Honest to Blog??
June 24, 2008I am sure by now everyone has heard about the seventeen Gloucester, Mass. teenage girls who made a pact to get pregnant and raise their babies together. When I first heard about this pact a few days ago on the news, my brain did not know how to react. What I want to know is, what is going on in that town that encouraged this? This is probably one of the most absurd news stories I have ever heard about in my life-time. I am not exactly sure who to place the blame on, either.
Parents are blaming the media – of course – the most obvious and easy scapegoat to point the finger at. They are saying movies like Juno and Knocked Up are influencing teenagers by making under-age or non-marital pregnancy cool. To all the parents out there, stop blaming the media for everything!! Sure, the media might encourage your kids to say the “F” word more often and act out in a rebellious manner, but where are you during this?? Somehow your kids were able to turn that TV on or go to the movie theater or purchase that video game. And when I say “kid” I am talking age 10 and under, any person of average intelligence over the age of 10 should know right from wrong, IF you did a good parenting job.
I don’t think the media is to blame in this case, especially not the movies. Some parents are blaming the school system, saying that the sex-ed classes were inadequate. Once again, parents, why not look to where your child’s growth and learning actually begins – with you. Parents should be the first ones to talk to their children about sex and drugs and alcohol. It is not the schools main responsibility to educate students on these subjects, if it were then students might as well to a school bus to AA meetings or halfway houses everyday.
What really bothers me is that one of the baby-daddies is a homeless guy! Obviously there is something seriously wrong with the lifestyle the girls in Gloucester are living. Maybe there is something deeper going on, something the public isn’t seeing. Whatever it is, I think it is clear that these girls need psychological help, and that the parents and guardians of these kids need to step up their parental game.

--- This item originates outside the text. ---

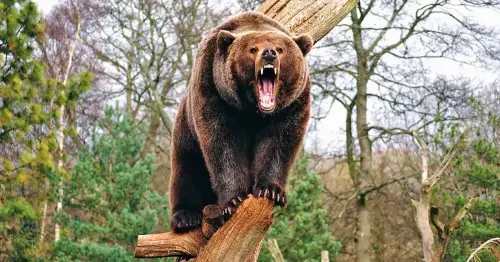 The World of Animals: Fun Facts Revealed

Maybe what teens really need is to see what having a child really means. The responsibilities, the stress, the worry, the consequences that remain even when your children grow up. NBC has a new series coming out called the Baby Borrowers, in which teens are forced to “fast-track to adulthood by setting up a home, getting a job and becoming caring parents first to babies, toddlers, pre-teens and their pets, teenagers and senior citizens — all over the course of three weeks.” Teenagers and families should spend more time watching reality shows like this instead of other mindless shows, such as MTV reality hits like The Real World, which is actually nothing like the real world we live in at all.
I just hope these girls, for their own sake, know what they are getting themselves into. This is no reality TV show; they can’t give their babies back or step off-set to take a break and get their hair and make-up touched up. I would say I feel bad for the girls, but really it is their babies I feel bad for! I look forward to see how this whole situation pans out.